> ACTIVITY
Copy each record exactly and skip its pictures.

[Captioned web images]
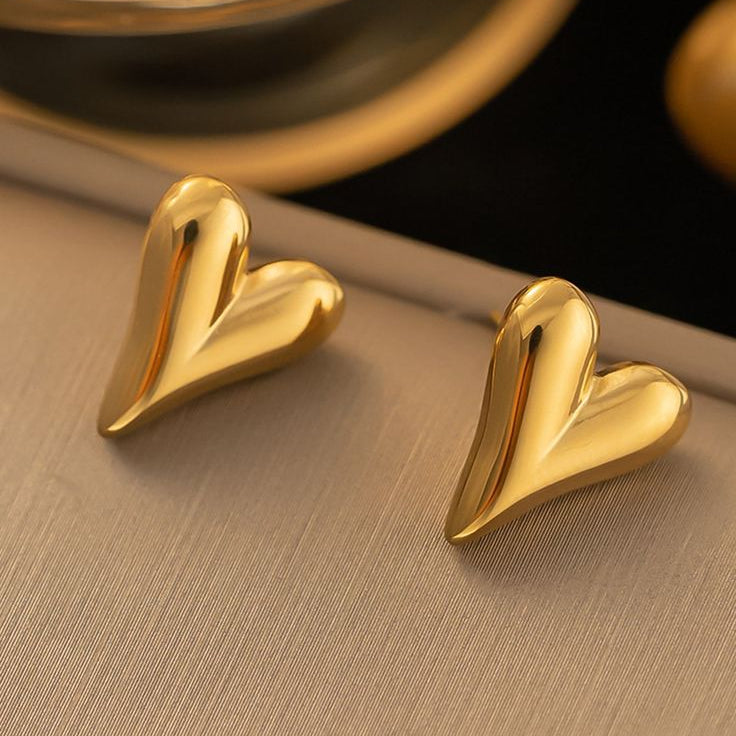 Heart Studs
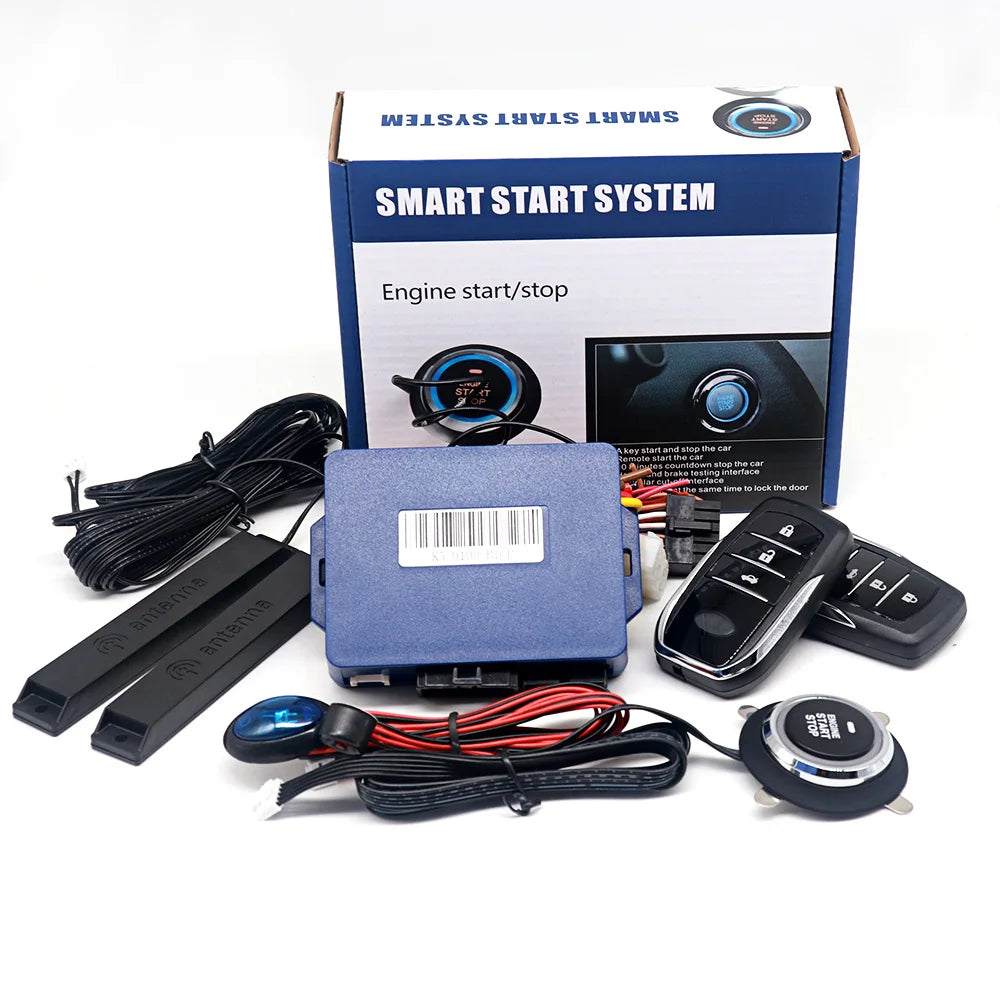 Car Alarm With Autostart Push One Button Auto Start Stop Keyless Entry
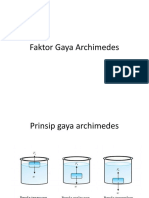 Faktor Gaya Archimedes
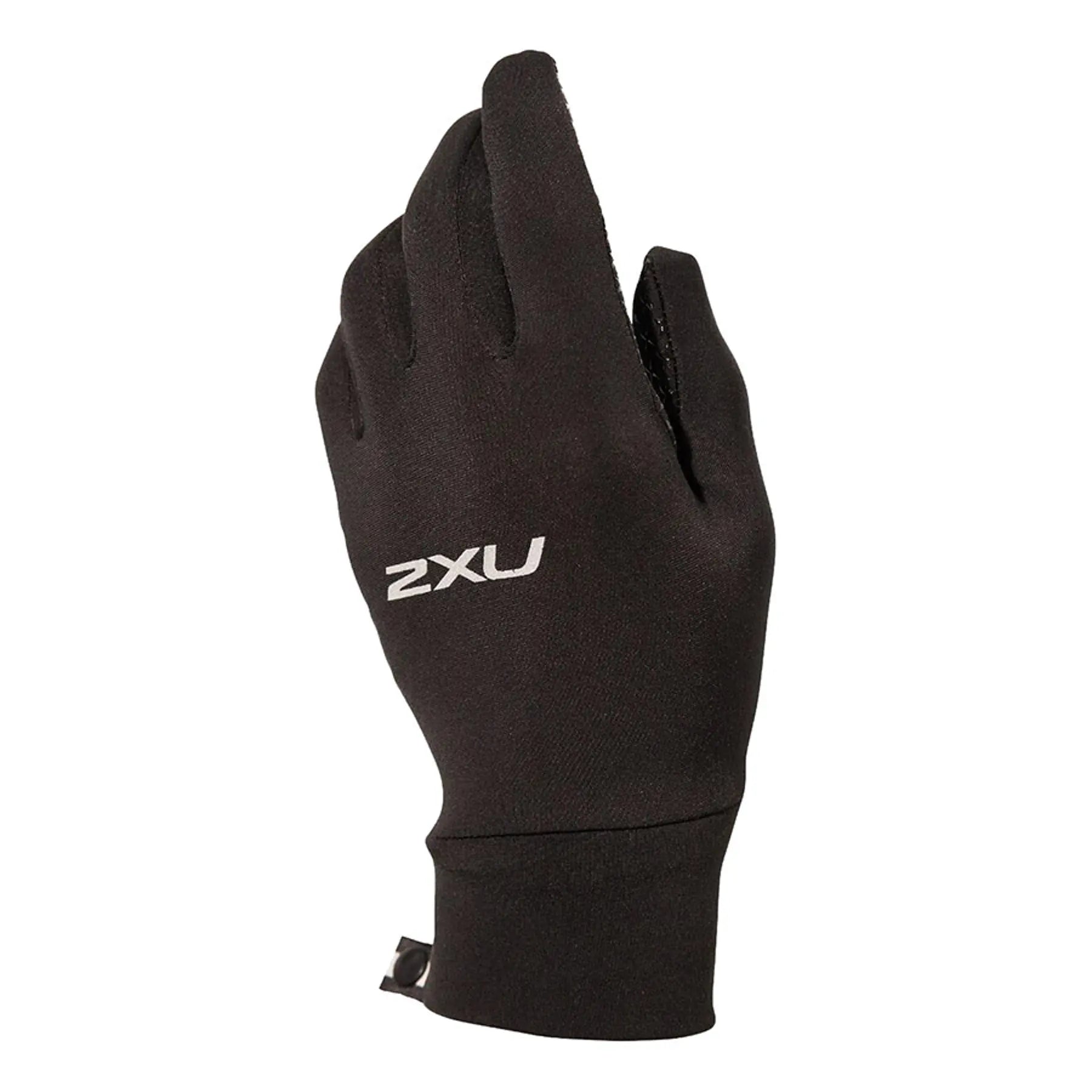 2XU Run Glove, Handschuhe, Damen, Black/Silver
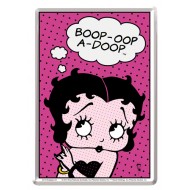 Placa metalica - Betty Boop - Woop - 10x14 cm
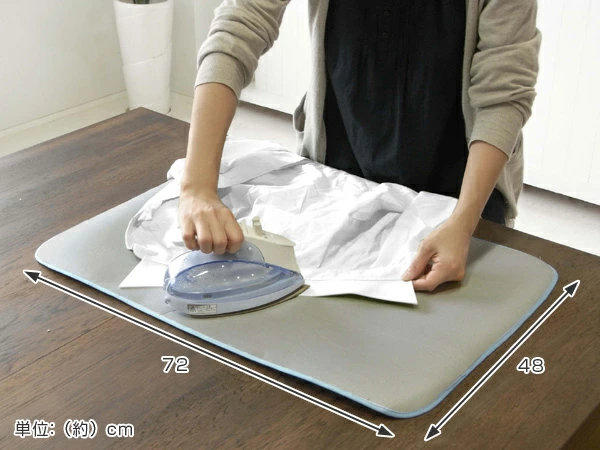 山崎実業 アイロンマットアルミ ( 4903208016490 プレスマット アイロン掛け シート 収納 折りたたみ アイロン台 便利グッズ コンパクト )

> TASK ANSWER
 Heart Studs
 Car Alarm With Autostart Push One Button Auto Start Stop Keyless Entry
 Faktor Gaya Archimedes
 2XU Run Glove, Handschuhe, Damen, Black/Silver
 Placa metalica - Betty Boop - Woop - 10x14 cm
 山崎実業 アイロンマットアルミ ( 4903208016490 プレスマット アイロン掛け シート 収納 折りたたみ アイロン台 便利グッズ コンパクト )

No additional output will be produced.